In 2016 UCD were the only non-Limerick college left at the semi-final stage. Go through the pillars of this Limerick side and they were all present at that finals weekend down in Cork Institute of Technology. Lynch, Declan Hannon, Richie English and Darragh O'Donovan all starred for Mary I, Tom Morrissey and Mike Casey turned out for UL, and Diarmaid Byrnes top-scored for LIT from wing-back. The nucleus of a serious side was there, all of them young, all of them coming.

But as they say in the financial ads, past performance is no guarantee of future returns. And no county knows that better than Limerick, where they still refer darkly to the lost promise of the underage sides of the early 2000s any time anyone brings up the current crop’s potential. If John Kiely’s players do nothing else this summer, moving people on from the well-worn Limerick narrative of wasted potential will be an achievement in itself.

Sporting chance

They have given themselves a chance at least. In Lynch, they have arguably the player of the championship so far. Still only 22, this is his fourth championship campaign already and the move to midfield looks to have freed him up to affect matches more frequently than when he was an in-and-out presence at wing-forward.

At the other end of the age scale, Graeme Mulcahy turned 28 this week and has had the best start to a championship in his nine-year senior career.
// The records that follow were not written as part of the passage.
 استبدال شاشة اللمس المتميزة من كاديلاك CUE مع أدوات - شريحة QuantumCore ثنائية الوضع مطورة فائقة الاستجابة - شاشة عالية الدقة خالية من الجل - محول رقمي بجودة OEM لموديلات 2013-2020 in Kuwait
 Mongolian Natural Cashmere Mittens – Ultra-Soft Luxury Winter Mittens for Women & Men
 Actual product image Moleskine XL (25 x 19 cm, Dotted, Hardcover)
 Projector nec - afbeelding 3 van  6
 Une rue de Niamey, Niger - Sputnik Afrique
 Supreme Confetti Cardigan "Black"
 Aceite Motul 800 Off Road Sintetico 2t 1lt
His first four shots against Tipperary all split the posts and set the tone for the afternoon, exposing fissures in the Tipp full-back line that still haven't been closed.

His blocking down and subsequent rutting with Mark Coleman at the start of the second half last week was another indicator of Limerick’s refusal to take a backward step even though they were a man short. It’s not often that your corner-forward can be in the game enough to drive the rest of the team on but Mulcahy has done for two games in a row now. So much so that Waterford will probably have to pay him the ultimate compliment of sending Noel Connors to mark him tomorrow.

All in all, the skills of this Limerick team are only one part of what has made them popular this summer, both within and beyond the county boundary. There's a thoroughly likeable doggedness about them, personified by corner-back Richie English, who played the second half against Cork with ribs that were bruised so badly, John Kiely brought them up in his post-match interviews.

When Lynch was doing his one-man Light Brigade charge at the death last Saturday, the only reason he had to do it alone was that everyone else was out on their feet. And even then, Morrissey was able to haul himself up to pressure the clearance. They got the equaliser they deserved, not just for Lynch’s endeavour but for the game as a whole.

Limerick in 2018 are a team their public can love unconditionally. And not a vulture to be seen anywhere. Whatever happens from here, that’s a huge step forward.